Plaza Retail REIT
TSX:PLZ.UN

Plaza Retail REIT
Plaza Retail REIT operates as an open-ended real estate investment trust, which acquires, develops and redevelops unenclosed and enclosed retail real estate in Atlantic Canada, Québec and Ontario. The company is headquartered in Fredericton, New Brunswick. The company went IPO on 2014-01-08. The firm operates a retail real estate ownership and development business in Canada. The company is a developer, owner and manager of retail real estate located primarily in Ontario, Quebec and Atlantic Canada. The firm's portfolio includes interests in approximately 255 properties totaling approximately 8.6 million square feet across Canada and additional lands held for development. These include properties indirectly held by the Company through its subsidiaries and through joint arrangements. Its portfolio consists of open-air centers and stand-alone small box retail outlets and is predominantly occupied by national tenants. The firm's properties are located in Alberta, Newfoundland and Labrador, New Brunswick, Nova Scotia, Manitoba, Ontario, Prince Edward Island and Quebec.
Earnings Calls
Plaza Retail is off to a strong start in 2025, increasing its ownership in Tacoma Plaza from 50% to 100% and preparing to close on additional Shoppers Drug Mart locations, enhancing value at an estimated $23 million. The Q1 performance showcased a 1.5% rise in same-property NOI and robust leasing spreads at 15.4%. Growth is anticipated with 40,000 square feet converted into grocery use, targeting an extra $1 million in NOI. The company also plans a new grocery store, contributing $700,000 upon completion. Overall, 2025 looks promising, with expectations for stronger future performance as renewals take effect.

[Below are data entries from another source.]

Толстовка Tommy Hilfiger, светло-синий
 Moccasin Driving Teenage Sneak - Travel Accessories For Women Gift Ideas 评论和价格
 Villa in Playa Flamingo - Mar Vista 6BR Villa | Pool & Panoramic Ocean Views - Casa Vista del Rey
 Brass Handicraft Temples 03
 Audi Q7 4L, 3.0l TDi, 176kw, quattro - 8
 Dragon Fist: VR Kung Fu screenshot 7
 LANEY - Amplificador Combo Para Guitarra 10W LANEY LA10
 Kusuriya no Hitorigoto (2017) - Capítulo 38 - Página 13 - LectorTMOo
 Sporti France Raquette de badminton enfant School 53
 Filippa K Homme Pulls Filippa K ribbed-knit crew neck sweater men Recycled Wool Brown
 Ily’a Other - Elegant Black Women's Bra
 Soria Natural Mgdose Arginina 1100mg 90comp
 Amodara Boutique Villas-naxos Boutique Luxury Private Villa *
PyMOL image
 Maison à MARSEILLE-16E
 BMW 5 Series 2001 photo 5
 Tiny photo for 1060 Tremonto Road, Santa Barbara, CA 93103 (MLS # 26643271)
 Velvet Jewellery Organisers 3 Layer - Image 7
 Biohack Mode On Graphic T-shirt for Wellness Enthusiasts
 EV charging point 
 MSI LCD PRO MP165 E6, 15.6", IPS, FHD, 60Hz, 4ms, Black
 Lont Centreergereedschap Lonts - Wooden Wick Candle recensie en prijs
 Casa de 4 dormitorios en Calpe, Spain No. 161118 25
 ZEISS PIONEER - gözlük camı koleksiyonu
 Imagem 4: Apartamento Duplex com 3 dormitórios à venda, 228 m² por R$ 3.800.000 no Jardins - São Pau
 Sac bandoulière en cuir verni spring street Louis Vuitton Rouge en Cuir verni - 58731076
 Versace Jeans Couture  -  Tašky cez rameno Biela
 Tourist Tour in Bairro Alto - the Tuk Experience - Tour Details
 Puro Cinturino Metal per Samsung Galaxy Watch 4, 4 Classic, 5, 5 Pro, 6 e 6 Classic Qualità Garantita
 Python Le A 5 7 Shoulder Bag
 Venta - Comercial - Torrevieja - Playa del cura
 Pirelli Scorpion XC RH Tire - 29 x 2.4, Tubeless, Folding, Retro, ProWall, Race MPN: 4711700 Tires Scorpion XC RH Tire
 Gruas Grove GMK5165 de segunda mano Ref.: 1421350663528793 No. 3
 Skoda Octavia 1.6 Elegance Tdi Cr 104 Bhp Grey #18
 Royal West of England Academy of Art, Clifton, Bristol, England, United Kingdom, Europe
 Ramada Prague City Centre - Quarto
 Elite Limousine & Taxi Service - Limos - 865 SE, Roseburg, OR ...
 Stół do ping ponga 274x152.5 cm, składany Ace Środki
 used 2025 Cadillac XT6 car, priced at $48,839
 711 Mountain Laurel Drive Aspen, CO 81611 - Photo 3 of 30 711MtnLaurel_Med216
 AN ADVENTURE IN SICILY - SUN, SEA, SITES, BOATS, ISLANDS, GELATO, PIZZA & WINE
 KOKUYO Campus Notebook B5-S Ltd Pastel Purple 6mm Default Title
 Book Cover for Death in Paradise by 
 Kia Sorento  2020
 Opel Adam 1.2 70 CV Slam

Good morning. I would like to welcome everyone to Plaza Retail First Quarter 2025 Earnings Conference Call. [Operator Instructions] I will now turn the conference over to Kim Strange, Plaza's General Counsel and Secretary. Please go ahead, Ms. Strange.
Thank you, operator. Good morning, everyone, and thank you for joining us on our Q1 2025 results conference call. Before we begin, we are obliged to advise you that in talking about our financial and operating performance and then responding to questions today, we may make forward-looking statements, including statements concerning Plaza's objectives and strategies to achieve them as well as statements with respect to our plans, estimates and intentions or concerning anticipated future events, results, circumstances or performance that are not historical facts.
These statements are based on our current expectations and assumptions and are subject to risks and uncertainties that could cause our actual results to differ materially from the conclusions in these forward-looking statements.
Additional information on the risks that could impact our actual results and the expectations and assumptions we applied in making these forward-looking statements can be found in Plaza's most recent annual information form for the year ended December 31, 2024 and management's discussion and analysis for the first quarter ended March 31, 2025, which are available on our website at www.plaza.ca and on SEDAR+ at www.sedarplus.ca.
We will also refer to non-GAAP financial measures widely used in the Canadian real estate industry, including FFO, AFFO, EBITDA, adjusted EBITDA, NOI and same-asset NOI. Plaza believes these financial measures provide useful information to both management and investors in measuring the financial performance and financial condition of the trust.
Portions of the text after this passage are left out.